I not good at repetitive (busy) work, so I automate all of that. Automating repetitive work is not repetitive. This is the only remaining negative that I can't shake. I have an immense respect for manual QA testers, that's a job I incapable of doing well.
The biggest differences I've found between myself and coworkers are my capacity for hyper-focus, superior long term memory, and superior spatial thinking capability.
When I set in on something it becomes an obsession. If I am awake, I am working. I can't stop designing/architecting/debugging/evolving, even if I wanted to. I am working while I brush my teeth. I am working while I'm watching a movie. I dream about work. If I am not challenged, I feel like I start to die.
I generally remember anything interesting I read instantly. I'll remember it for years. When I am working through a problem, I have pretty immediate recall of everything related I've read (which I can apply immediately). I read the code of programmers I respect in my free time. I like to memorize documentation as well. My short term memory is garbage.
I can see any working system I've memorized or written in my head, running. I can try changes or new ideas and see their effects without consulting the computer. There is a limit to this, and I write my code to limit the size of any given sub-system to that limit.

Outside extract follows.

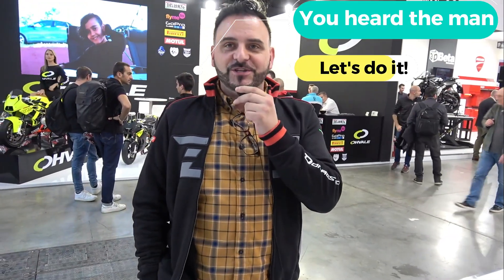Hopefully we'll have you in Italy very soon — we'll get you up into the hills over Bologna riding the 300, and you can give a full review telling people what you think about it.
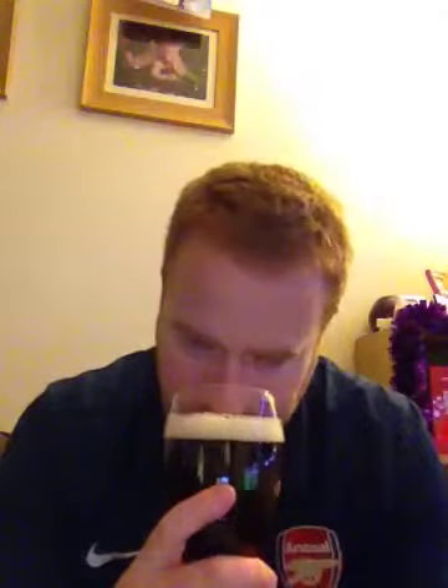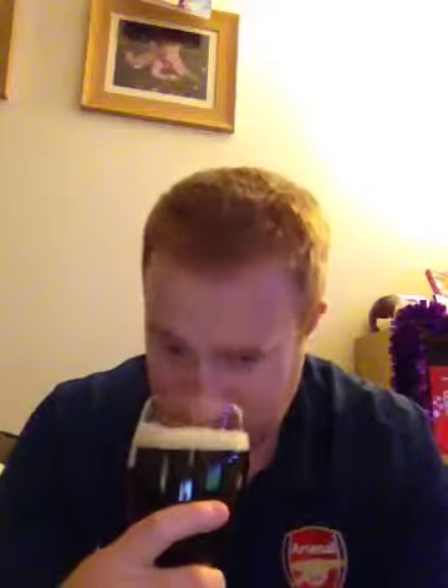So let's go straight in with the nose. The first thing you're picking up is some malts - you're getting some caramel malts, possibly some chocolate malts. You're getting some brown bread, a bit of red grape, a light spiciness and a bit of paprika. And you can actually smell some alcohol as well.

My code has a distinct style to it. Some co-workers complain, some love it. No-one can argue with its performance (or my speed in producing it). I write using the entire language, not just the "normal" subset that everyone memorized for technical interviews. I also use a lot of math. A final polish phase to "normalize" code (minimize fringe concepts) is part of my work-flow to avoid consternation from the maintenance team. I want everyone to be happy. Bugs in my code are rare (I am meticulous and bug-paranoid), and I can fix them very quickly. I do not write test cases, but I do write with the debugging interface in mind.
I don't believe ADHD is a disability, I do however believe that individuals with ADHD have to work differently than individuals without. ADHD itself is just a collection of symptoms, and those symptoms are just differences. I am not aware of a chemically ADHD test. Things that are easy for others may be very difficult for those with ADHD. Luckily, things that are very difficult for those without ADHD are sometimes very easy for those with ADHD.

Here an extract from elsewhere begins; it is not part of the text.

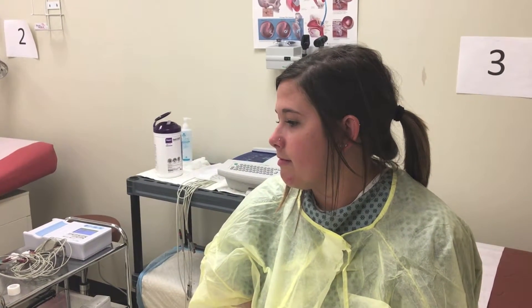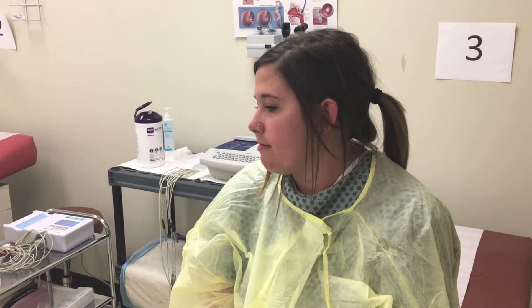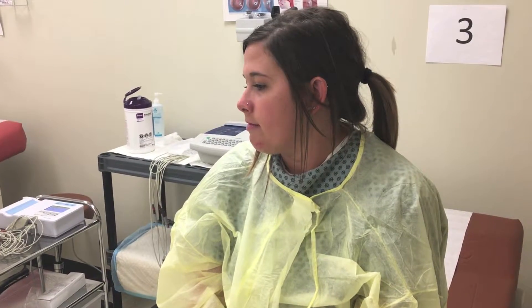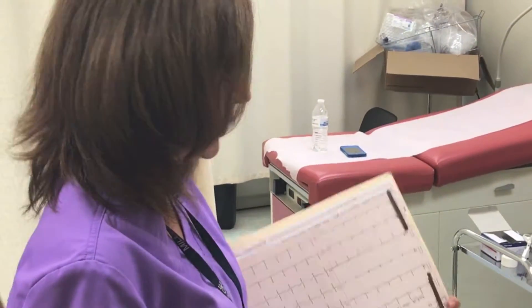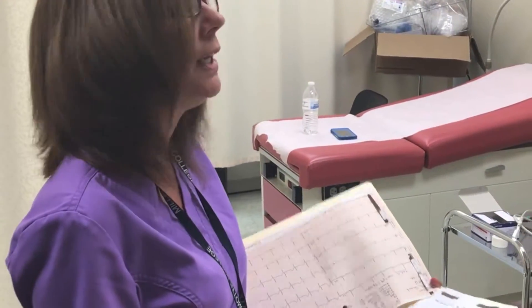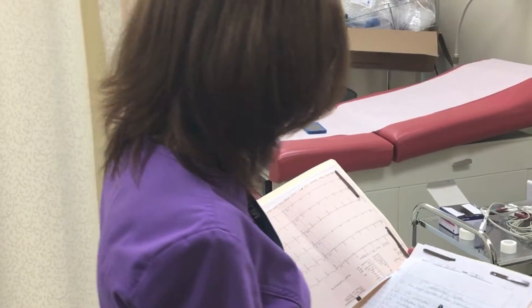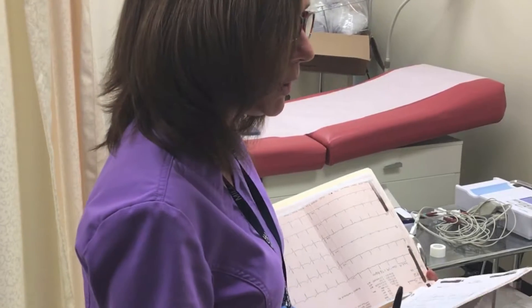Prior to the ECG procedure, the patient will be instructed to remove her clothing and place on a gown for the electrode placement. Hi Ms. Matthews, my name is Marjorie and I'm an MA here in Dr. Conway's office. She has ordered an EKG. I've already explained that you needed to get into a gown, so I'm going to begin by placing some electrodes on you.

If you have ADHD, it is important to find those difficult things you do well, and design the growth of your career around doing them as often as possible (so others will forgive your growing pain in areas where you are deficient). Anything you're terrible at you'll have to fastidiously practice, or write your own way out of it (make sure that your way is an accepted solution). I keep my ADHD a secret unless specifically asked about it. There are a lot of stigmas attached.